Yesterday I talked about things a GM can do when running a scene in which it makes sense for the focus to be NPCs talking to each other. Enough positivity; let’s look at what not to do.
Don’t make it an uninterruptable soliloquy. Heck, don’t make it something where it could technically be interrupted, but the PCs interrupting would functionally be sabotaging their own overall goals. There should not be anything removing “get a word in edgewise” from the PCs’ available options. This just makes them irritable—and it doesn’t even guarantee undivided attention, so really, why risk ticking them off like that?
Don’t make it something that probably should have been done by a PC. Honestly, I’m not sure why I have to say this, but no matter how much we think it’s self-evident, every now and then you get a position where you’ve got a party with at least two social monsters, there are three slots for characters to make speeches, and for some reason two of the three slots are filled by NPCs. It’s a lot easier to accept an NPC commandeering the spotlight for a little while if it’s something that it doesn’t make sense to have a PC doing, and easier still if the NPC in question was asked by one or more of the PCs.
Don’t let it get in the way of something the group wants to do, particularly if this is part of something that is completely preventing people not only from acting in this particular scene, but from playing in general. The game should not be the thing getting between the players and getting to play the game.

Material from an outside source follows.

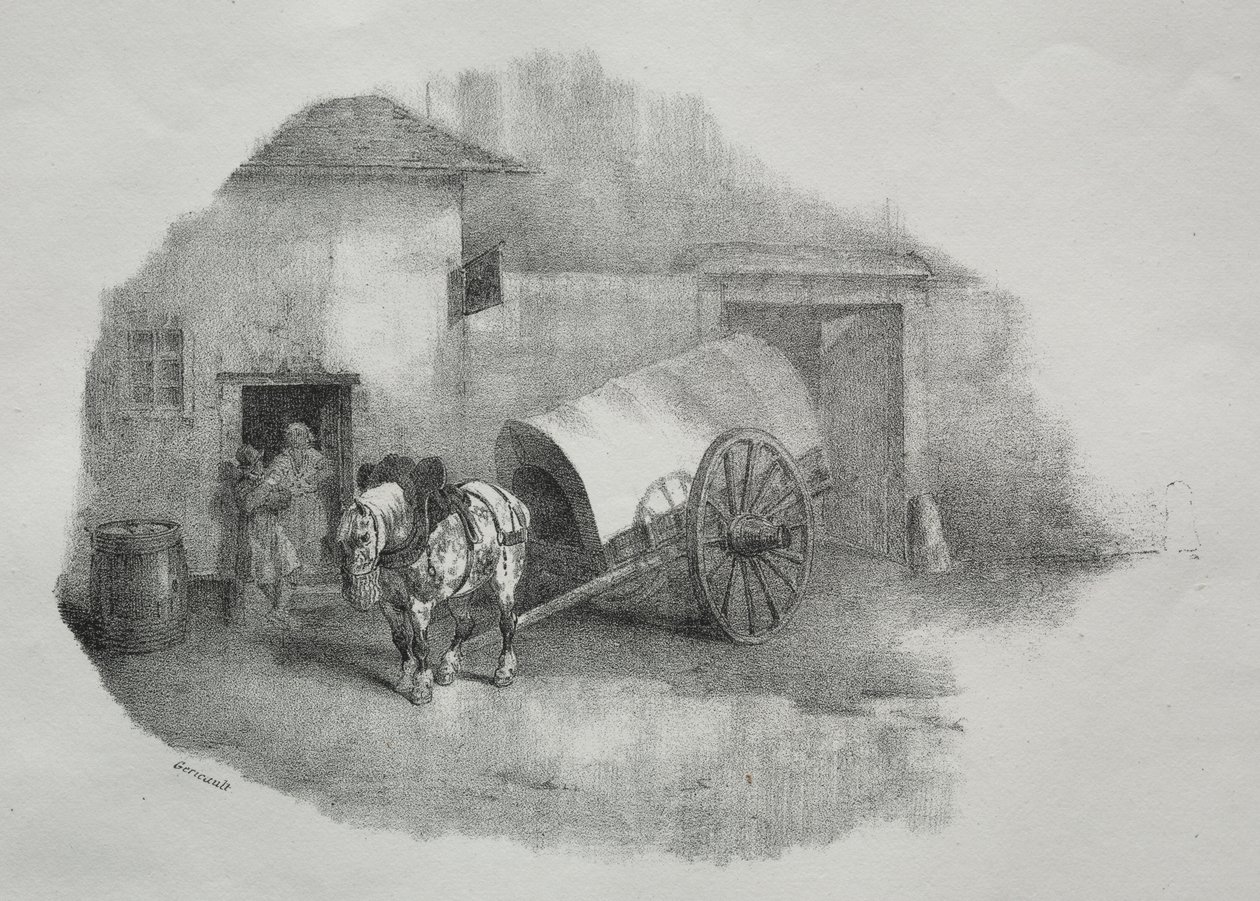 Trekpaard uit de stringers door Theodore Gericault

Don’t let it get boring. This one’s probably the hardest part—most of us really aren’t good at telling when we’re boring and when we’re not, and players can have widely enough varied interests and standards that one person’s stream of wit is another’s cliché storm. On the other hand, if people’s levels of attention are ranging from talking about something else entirely to random doodling with the occasional question or eyeroll, that’s pretty good evidence that there’s something you aren’t doing and should be. Note also that very few of us are really witty enough that we can get away with something whose primary purpose is to showcase our wit rather than to move the plot along (witty, maybe, don’t bet the farm on it, but interesting? Not so much), and most of the people who are don’t feel the need to do the showcasing thing.
Don’t do it with any notable frequency. Different people have different tolerances, mind, but in a play-by-IM one should probably limit it to two or three times a session without player prompting, and a face to face game should try to avoid doing these sorts of scenes more than once per get-together.
If in doubt, look at it this way: how irritated would you be if you were one of the players?